É um intrincado interessante, pois Shiki só vai atrás de Kirie, de seu espectro, devido ao fato de perceber que Mikiya está preso, sequestrado, pelo poder da mulher. Paralelamente, temos Touko, nossa terceira personagem principal, que é ainda mais misteriosa que Shiki, ela investiga e encontra Kirie no hospital, o qual uma vez Mikiya já visitou, e conversa com a moça, explica a situação em que se encontra, que é a de negação e fuga, que ela não está enfrentando a realidade. Ela, por sua vez, justifica que a do seu quarto de hospital, tem uma visão aérea constante da cidade, que a janela do quarto se tornou a sua vida. É uma situação trágica, onde sem realmente desejar, fugiu de si mesma e de seu corpo inválido.

Uma fuga sem propósito que arrasta pessoas inocentes com semelhanças em relação a ela. Isso explica o caso dos suicídios, mesmo que apenas parcialmente. Mas não explica o que aconteceu com Mikiya.

 

 

Touko é uma mulher versada em diversas técnicas, incluindo barreiras e membros biomecânicos, e no fim das contas, até o fim desse OVA, não sabemos ao certo qual a relação dela com os outros dois protagonistas, e menos ainda em relação a uma jovem que aparece apenas no final do OVA. Enfim, é uma boa história, centrada em muito suspense e que apresenta inúmeros elementos inexplicáveis, realmente é apenas uma peça de um quebra cabeça ainda em construção. O que é a Shiki, qual o seu poder, quem é Touko, ou mesmo Mikiya, qual a real relação desses três, ou para que serve o local em que se encontram. Não sabemos. O que sabemos é que o mundo possibilita que pessoas possam adquirir habilidades sobrenaturais, tal como Kirie o faz, e que eventos catastróficos podem se desencadear devido a confusão mental de quem desperta esses poderes.

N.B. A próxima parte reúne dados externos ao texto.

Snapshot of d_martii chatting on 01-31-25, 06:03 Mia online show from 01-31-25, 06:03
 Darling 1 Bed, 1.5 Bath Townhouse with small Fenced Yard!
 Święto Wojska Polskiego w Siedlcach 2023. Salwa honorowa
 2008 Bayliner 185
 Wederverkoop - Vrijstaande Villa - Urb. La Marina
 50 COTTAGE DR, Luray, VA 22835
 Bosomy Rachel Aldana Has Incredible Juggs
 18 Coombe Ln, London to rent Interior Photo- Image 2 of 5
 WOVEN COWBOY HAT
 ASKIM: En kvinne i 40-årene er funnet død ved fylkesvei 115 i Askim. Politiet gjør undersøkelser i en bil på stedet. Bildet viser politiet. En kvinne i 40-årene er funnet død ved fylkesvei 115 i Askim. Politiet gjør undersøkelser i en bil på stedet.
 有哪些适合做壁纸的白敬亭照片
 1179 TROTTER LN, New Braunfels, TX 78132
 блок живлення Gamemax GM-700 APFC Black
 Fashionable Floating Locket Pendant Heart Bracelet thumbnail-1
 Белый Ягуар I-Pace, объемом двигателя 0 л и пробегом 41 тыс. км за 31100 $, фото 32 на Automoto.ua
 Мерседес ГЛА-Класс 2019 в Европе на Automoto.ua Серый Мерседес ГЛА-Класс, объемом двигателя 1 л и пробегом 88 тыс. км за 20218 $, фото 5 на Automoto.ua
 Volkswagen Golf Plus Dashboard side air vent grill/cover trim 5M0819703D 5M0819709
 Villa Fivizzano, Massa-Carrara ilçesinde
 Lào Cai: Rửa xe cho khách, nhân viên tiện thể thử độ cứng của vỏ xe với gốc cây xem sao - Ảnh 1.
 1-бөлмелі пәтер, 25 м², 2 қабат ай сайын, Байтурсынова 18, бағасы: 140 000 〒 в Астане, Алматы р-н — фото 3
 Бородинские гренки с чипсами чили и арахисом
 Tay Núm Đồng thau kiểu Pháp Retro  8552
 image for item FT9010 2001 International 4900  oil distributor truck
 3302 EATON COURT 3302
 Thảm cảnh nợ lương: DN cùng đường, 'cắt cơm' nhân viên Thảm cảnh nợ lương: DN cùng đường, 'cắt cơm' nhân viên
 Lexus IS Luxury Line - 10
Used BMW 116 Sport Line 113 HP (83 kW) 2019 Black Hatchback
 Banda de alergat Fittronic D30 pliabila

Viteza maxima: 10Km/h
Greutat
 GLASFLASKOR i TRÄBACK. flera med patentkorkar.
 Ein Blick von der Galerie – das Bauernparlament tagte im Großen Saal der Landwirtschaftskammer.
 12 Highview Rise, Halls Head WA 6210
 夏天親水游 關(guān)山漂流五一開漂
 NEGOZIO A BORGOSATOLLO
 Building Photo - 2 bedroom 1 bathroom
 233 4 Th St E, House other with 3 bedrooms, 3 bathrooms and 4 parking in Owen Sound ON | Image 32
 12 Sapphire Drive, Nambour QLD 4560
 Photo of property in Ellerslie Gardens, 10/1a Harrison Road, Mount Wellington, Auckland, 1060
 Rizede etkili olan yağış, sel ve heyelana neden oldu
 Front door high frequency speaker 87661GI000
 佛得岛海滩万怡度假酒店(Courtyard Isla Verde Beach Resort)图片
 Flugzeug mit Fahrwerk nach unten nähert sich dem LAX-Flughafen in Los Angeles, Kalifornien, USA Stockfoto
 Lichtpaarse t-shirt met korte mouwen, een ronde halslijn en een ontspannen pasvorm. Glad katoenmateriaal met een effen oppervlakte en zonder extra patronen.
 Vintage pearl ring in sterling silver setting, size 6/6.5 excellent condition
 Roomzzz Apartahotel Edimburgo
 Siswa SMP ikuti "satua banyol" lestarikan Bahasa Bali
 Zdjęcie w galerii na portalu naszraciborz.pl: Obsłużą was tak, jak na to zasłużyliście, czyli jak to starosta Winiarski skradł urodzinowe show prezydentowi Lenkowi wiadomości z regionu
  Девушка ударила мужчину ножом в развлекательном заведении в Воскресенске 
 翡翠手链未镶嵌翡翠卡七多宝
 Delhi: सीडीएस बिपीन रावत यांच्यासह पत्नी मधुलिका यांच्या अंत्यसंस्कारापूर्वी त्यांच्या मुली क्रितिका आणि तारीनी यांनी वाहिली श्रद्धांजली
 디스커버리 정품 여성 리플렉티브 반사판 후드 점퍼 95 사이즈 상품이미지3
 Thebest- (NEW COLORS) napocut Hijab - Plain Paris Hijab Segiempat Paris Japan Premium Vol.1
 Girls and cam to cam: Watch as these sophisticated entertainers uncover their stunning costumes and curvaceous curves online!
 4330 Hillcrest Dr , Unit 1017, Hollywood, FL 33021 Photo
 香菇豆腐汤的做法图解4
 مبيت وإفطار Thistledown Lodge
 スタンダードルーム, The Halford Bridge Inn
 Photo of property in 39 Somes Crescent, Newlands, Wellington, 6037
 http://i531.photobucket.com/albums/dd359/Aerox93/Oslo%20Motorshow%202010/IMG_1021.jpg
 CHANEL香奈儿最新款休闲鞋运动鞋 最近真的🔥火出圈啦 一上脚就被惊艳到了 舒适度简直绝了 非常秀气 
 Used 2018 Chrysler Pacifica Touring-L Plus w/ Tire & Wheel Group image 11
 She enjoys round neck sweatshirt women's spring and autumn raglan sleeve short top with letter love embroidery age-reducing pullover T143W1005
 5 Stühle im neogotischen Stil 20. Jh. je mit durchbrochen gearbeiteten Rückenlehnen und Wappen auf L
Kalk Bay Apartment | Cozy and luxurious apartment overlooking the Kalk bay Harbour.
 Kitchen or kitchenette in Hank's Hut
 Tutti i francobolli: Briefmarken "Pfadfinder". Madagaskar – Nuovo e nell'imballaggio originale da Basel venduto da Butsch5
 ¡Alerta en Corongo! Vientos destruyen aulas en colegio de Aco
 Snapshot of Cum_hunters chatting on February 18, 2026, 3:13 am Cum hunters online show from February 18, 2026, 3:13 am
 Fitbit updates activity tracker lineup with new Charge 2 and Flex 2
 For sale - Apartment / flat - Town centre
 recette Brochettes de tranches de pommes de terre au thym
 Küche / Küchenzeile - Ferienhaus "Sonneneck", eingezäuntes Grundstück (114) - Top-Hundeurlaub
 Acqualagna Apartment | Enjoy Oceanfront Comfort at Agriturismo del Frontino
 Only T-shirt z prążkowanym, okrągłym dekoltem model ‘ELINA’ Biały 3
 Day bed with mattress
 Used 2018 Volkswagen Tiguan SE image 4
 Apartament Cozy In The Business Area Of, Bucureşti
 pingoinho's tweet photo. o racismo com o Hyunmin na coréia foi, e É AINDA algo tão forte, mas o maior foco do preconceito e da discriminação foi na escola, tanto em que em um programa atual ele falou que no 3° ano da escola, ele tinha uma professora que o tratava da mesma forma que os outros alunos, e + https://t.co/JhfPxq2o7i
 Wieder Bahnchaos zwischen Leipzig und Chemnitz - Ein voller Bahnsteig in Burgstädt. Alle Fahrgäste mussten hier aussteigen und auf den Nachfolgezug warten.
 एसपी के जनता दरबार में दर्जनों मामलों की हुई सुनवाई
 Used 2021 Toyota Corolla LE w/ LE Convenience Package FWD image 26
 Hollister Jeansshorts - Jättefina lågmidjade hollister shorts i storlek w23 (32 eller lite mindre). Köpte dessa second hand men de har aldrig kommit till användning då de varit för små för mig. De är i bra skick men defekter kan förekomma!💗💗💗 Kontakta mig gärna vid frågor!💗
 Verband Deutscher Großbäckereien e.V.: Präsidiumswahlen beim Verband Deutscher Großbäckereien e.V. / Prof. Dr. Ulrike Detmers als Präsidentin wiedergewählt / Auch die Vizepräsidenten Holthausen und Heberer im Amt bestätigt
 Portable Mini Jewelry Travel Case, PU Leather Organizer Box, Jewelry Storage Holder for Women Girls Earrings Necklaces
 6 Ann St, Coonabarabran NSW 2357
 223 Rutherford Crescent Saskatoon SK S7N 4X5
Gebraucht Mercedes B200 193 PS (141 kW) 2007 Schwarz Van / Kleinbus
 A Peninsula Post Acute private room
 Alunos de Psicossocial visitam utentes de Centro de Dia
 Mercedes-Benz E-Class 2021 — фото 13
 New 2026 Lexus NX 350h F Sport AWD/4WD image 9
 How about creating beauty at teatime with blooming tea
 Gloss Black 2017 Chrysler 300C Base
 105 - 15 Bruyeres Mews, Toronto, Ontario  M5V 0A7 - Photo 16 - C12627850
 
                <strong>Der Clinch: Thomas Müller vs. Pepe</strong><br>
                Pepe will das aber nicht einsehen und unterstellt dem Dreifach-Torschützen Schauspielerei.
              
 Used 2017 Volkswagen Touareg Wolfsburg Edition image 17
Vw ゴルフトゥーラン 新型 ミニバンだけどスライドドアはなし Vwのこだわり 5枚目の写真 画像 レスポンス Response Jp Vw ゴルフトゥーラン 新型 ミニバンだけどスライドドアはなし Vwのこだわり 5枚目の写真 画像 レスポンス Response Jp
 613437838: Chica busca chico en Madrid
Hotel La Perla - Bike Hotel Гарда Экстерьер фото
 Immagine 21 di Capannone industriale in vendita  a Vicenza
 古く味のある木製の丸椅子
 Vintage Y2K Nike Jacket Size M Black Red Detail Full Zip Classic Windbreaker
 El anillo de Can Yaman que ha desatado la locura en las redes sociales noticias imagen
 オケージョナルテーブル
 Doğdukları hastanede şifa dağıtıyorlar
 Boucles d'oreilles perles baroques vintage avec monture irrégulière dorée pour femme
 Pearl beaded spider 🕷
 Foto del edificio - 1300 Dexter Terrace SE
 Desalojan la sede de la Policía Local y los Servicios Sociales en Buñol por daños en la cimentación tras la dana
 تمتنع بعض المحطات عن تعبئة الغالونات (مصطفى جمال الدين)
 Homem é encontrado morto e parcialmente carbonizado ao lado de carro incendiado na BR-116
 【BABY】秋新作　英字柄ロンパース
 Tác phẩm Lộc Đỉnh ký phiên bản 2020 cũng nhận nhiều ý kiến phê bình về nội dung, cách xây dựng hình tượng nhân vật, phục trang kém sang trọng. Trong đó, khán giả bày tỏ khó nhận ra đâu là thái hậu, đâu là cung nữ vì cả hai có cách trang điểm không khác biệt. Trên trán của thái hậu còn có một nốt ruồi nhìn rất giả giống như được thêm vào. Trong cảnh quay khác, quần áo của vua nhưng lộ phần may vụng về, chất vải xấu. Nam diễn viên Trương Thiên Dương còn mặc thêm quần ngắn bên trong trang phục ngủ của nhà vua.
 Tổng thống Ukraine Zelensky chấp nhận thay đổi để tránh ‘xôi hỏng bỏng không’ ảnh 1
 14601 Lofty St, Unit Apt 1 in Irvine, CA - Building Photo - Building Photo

Sobre a parte técnica da obra, a direção, animação trilha sonora e demais elementos, é ótima, não tenho do que reclamar, e muito menos posso reclamar de uma história que se apresenta segmentada, fragmentada, e que só oferece respostas caso os elementos dela estejam adequadamente apresentados. No caso, esse OVA se passa em 1998, e a sua sequência, o segundo OVA, se passa em 1995, o que já indica que novas respostas e novas perguntas estão por vir.